From b282b3bc83d727f818551197b120fcf58fbac0e7 Mon Sep 17 00:00:00 2001
From: Marko Vejnovic <marko@mesa.dev>
Date: Sun, 15 Feb 2026 23:11:11 -0800
Subject: [PATCH 15/15] more cleanup

---
 lib/cache/eviction/lru.rs | 30 ++++++++++--------------------
 lib/cache/fcache.rs       |  8 ++++++--
 lib/lib.rs                |  1 -
 3 files changed, 16 insertions(+), 23 deletions(-)

diff --git a/lib/cache/eviction/lru.rs b/lib/cache/eviction/lru.rs
index b48f666..ff56b2c 100644
--- a/lib/cache/eviction/lru.rs
+++ b/lib/cache/eviction/lru.rs
@@ -3,15 +3,12 @@
 use std::{future::Future, hash::Hash};
 
 use std::sync::{
-    Arc, OnceLock,
+    Arc,
     atomic::{self, AtomicI64},
 };
 
 use hashlink::LinkedHashMap;
-use tokio::{
-    sync::mpsc::{Receiver, error::TrySendError},
-    task::JoinHandle,
-};
+use tokio::sync::mpsc::{Receiver, error::TrySendError};
 
 /// Types that carry a monotonic version for deduplication of out-of-order messages.
 pub trait Versioned {
@@ -22,9 +19,9 @@ pub trait Versioned {
 /// A trait for deleting keys from the cache.

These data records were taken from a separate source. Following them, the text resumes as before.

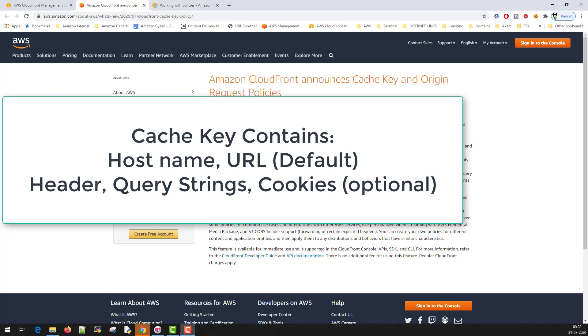You can also include QueryString parameter, header, and cookies so that even though the URL remains the same, you can vary the cache or you can have different content in the cache with same URL but different permutation and combination of cookies, headers, and QueryString parameter.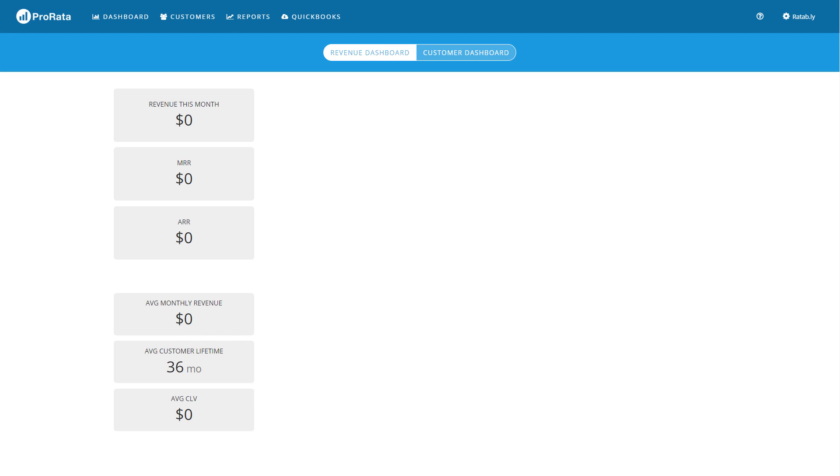To get started, navigate to the Settings area of ProRata by using the menu in the upper right corner of the application. Click on your company name, then Settings.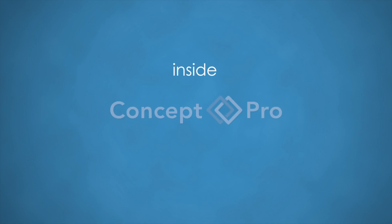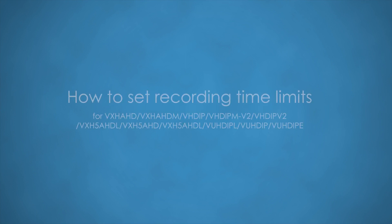Welcome to Inside Concept Pro. How to set recording time limits.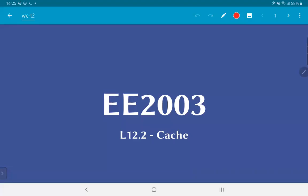In the previous video, we saw how different memory technologies need to be traded off in terms of cost versus storage capacity. This ultimately leads to the concept of a cache. In this video, we are going to look at what caches are and how they can be used to improve the performance of a computer.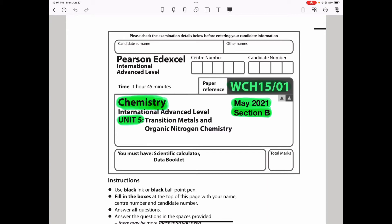Welcome to the Chemistry, Biology and Math Revision Hub. Today we are doing the Pearson Edexcel International A Level Chemistry Unit 5 for May 2021. This is Section B. I will put the link to Section A of this paper as well as Section C in the description box. So let's begin with the first question.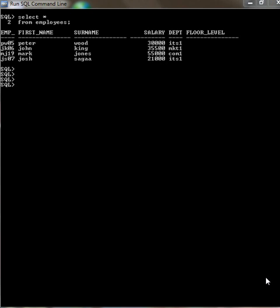Now I'm going to show you how to update the table, update the floor_level row with a string. There you go.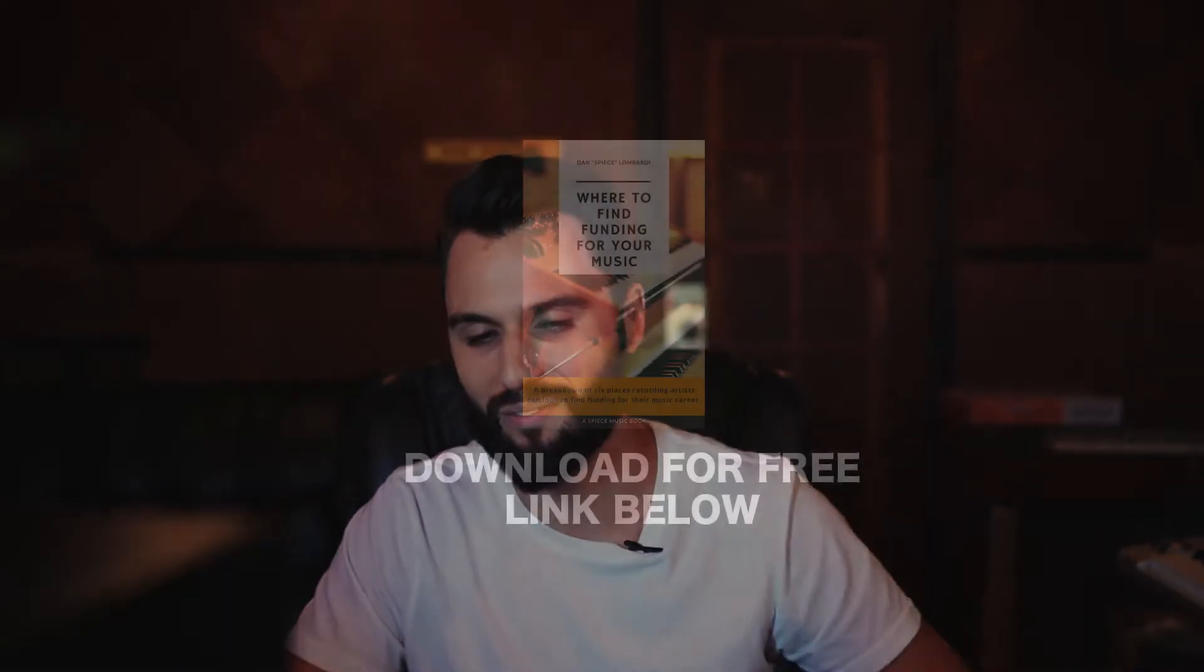I've written a free ebook, it's nine pages, super short and digestible, where I break down the six main places that artists and professionals like yourself can find funding for their musical projects. If this sounds like it's of value to you, please click the link below and you can download this for free today and benefit from this knowledge. I hope this helps. I'll see you guys soon. Peace.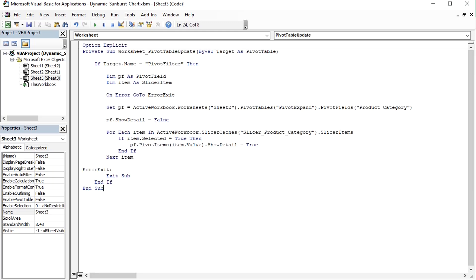Let me walk you through this code. Option explicit at the top is necessary for making sure that the variable names are typed correctly in the macro later on.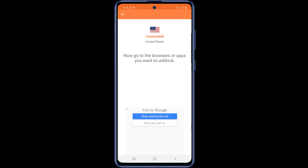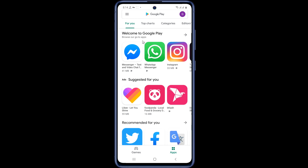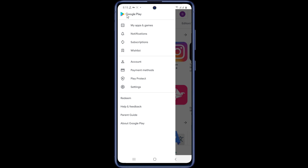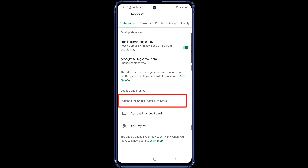Now I am going to the second step. Open your Google Play Store account. Then click on the three dots in the top left corner. Now tap on the account option. You can see that my account now has the option to switch to the United States, so now I can switch to the United States if I want.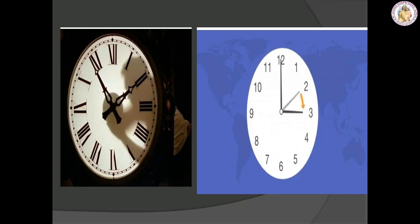In a clock, we have different types of clocks. In some clocks we will have regular numbers, and in some clocks we will have Roman numerals, so don't get confused. You all know Roman numerals — we already studied them in 4th standard.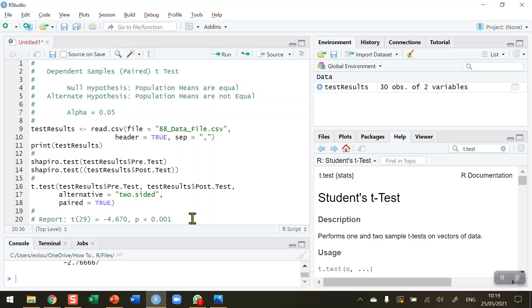That's how you conduct a dependent sample or paired t-test in R. I hope you found this video useful. Thank you for your attention.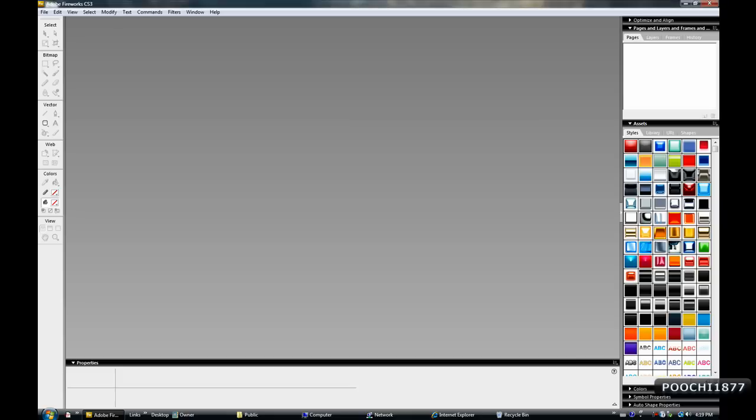Hey what's up YouTube, Poochie1877 here with another tutorial for you. In this one I'm going to be showing you how to make a watermark for your videos.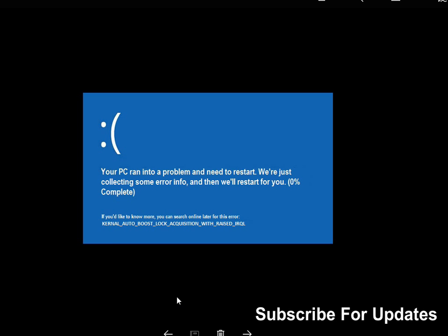Hi guys, welcome to the video. Today I'm going to show you how you can easily fix this blue screen of death issue: kernel auto boost lock acquisition with raised IRQL. Very easy to fix this issue.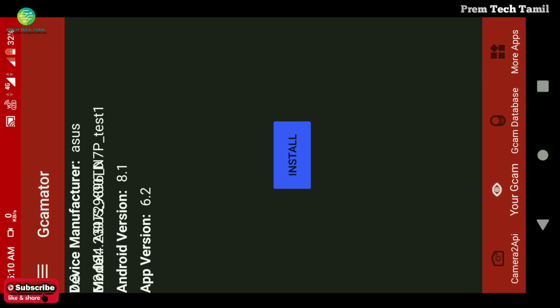We are going to go to the mobile model, we have to check the app version 6.2. Because I am using a higher version, I am using this — uninstall. I will install the 6.0 instead.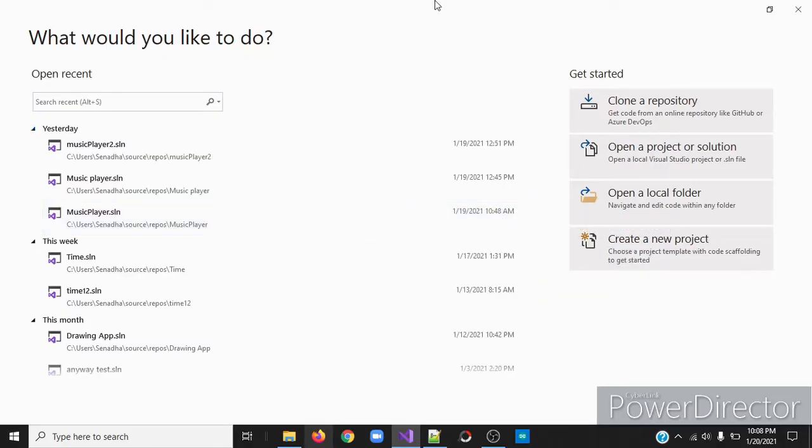Hello everyone, welcome back to BS Developers. In this video, I'll show you how to make a music player app using C-Sharp.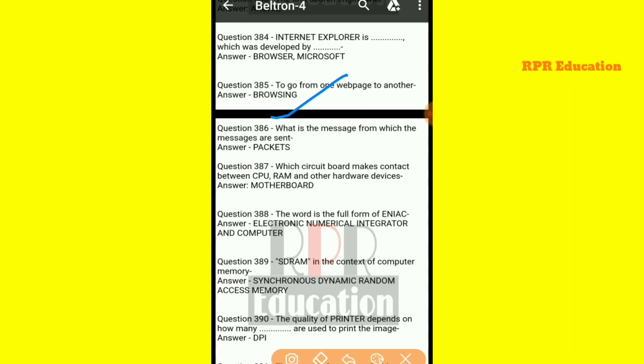And next one: what are the units from which messages are sent? Any message that is sent — the data units that make up the message are called packets.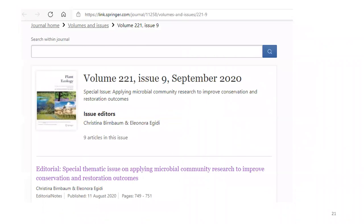A couple of years ago, with Eleonora, we compiled studies from Australia looking at microbial community research applied to conservation and restoration, putting together a special issue in Plant Ecology that is available online for anyone who wants to see other case studies and examples of how this research has been applied.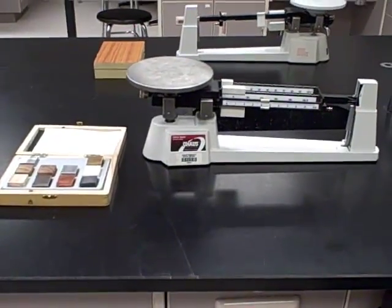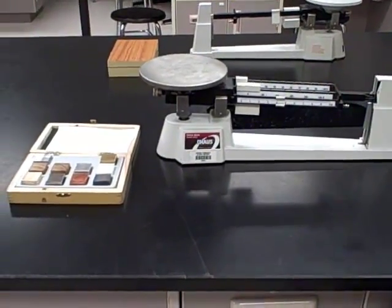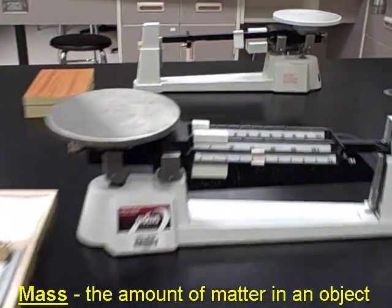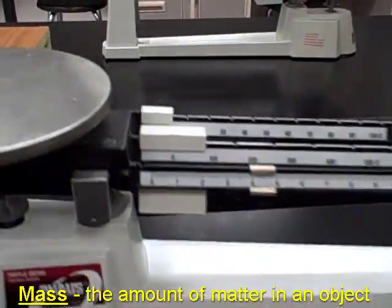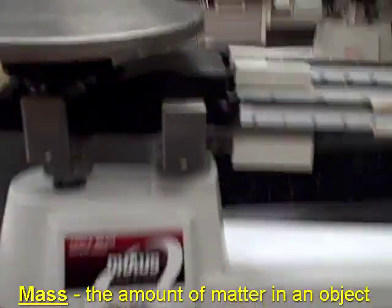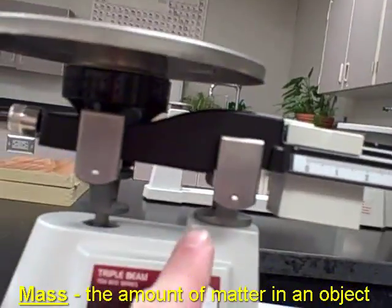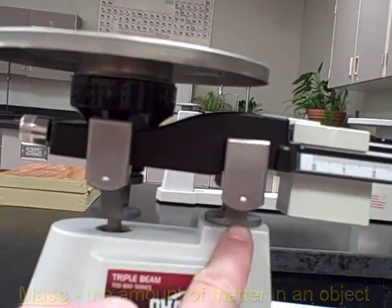Alright, here's a quick tutorial on how to use a triple beam balance to measure mass. It's called a triple beam balance because you're actually going to balance something around this pivot point right here.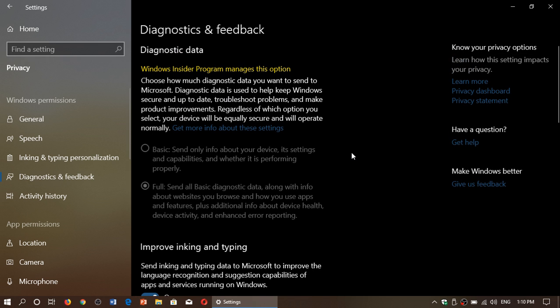Basic means you send a minimum amount of data and information. It says: send only info about your device, its settings, capabilities, and whether it's performing properly — so error messages and things like that.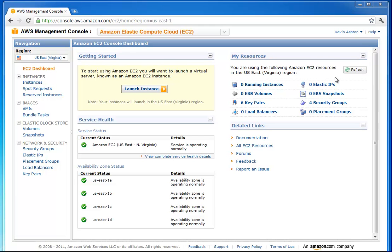In order to create our own virtual server, we're going to be using Amazon EC2, and we're going to launch an instance.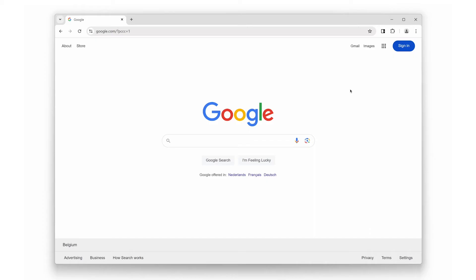So, what exactly is the Note Sidebar Extension? Simply put, it is a powerful note-taking tool that lives right in your web browser. No need to switch tabs or apps, your notes are always just a click away.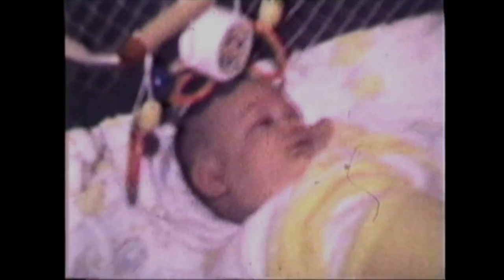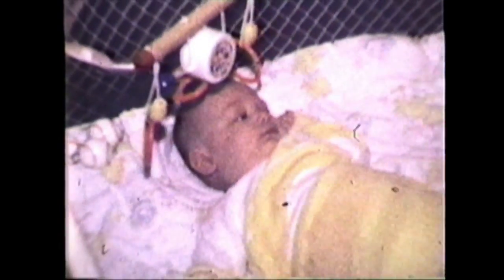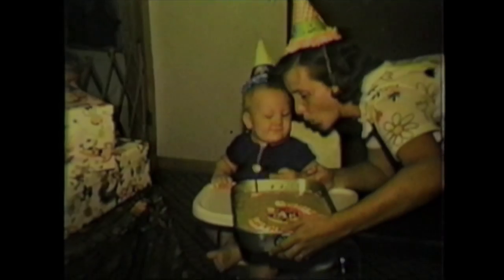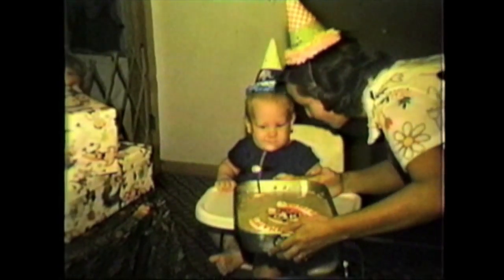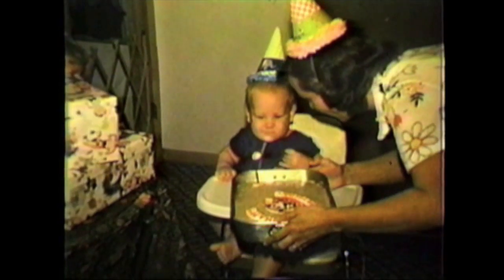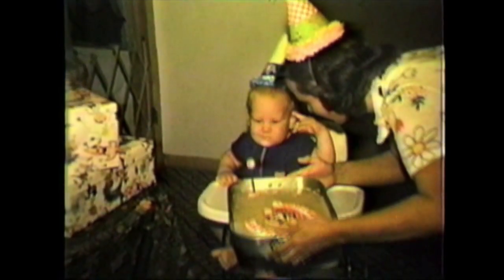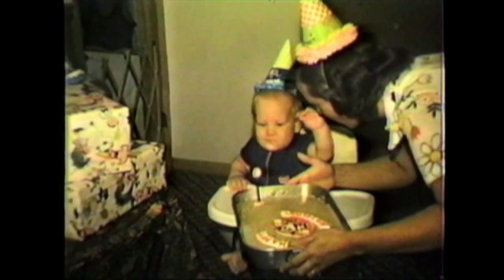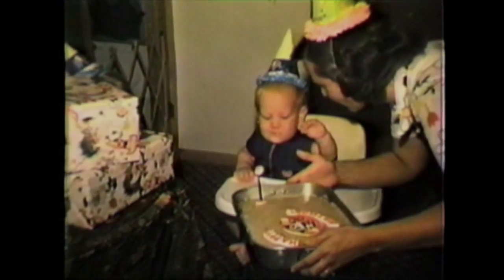When we were young, we were like clouds. We were so many things, we took so many shapes.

This is used by the LRU eviction tracker to delete
 /// keys when they are evicted.
 pub trait Deleter<K, Ctx>: Send + Clone + 'static {
-    /// Delete the given keys from the cache. The keys are guaranteed to be in the order of
-    /// eviction. You absolutely MUST delete the keys in the order they are given, otherwise the
-    /// LRU eviction tracker will get very confused and break.
+    /// Delete the given key from the cache. Deletions for different keys may be invoked
+    /// concurrently and in arbitrary order. Correctness is ensured by the caller through
+    /// a context-based guard (e.g. matching on a unique file ID), not by invocation order.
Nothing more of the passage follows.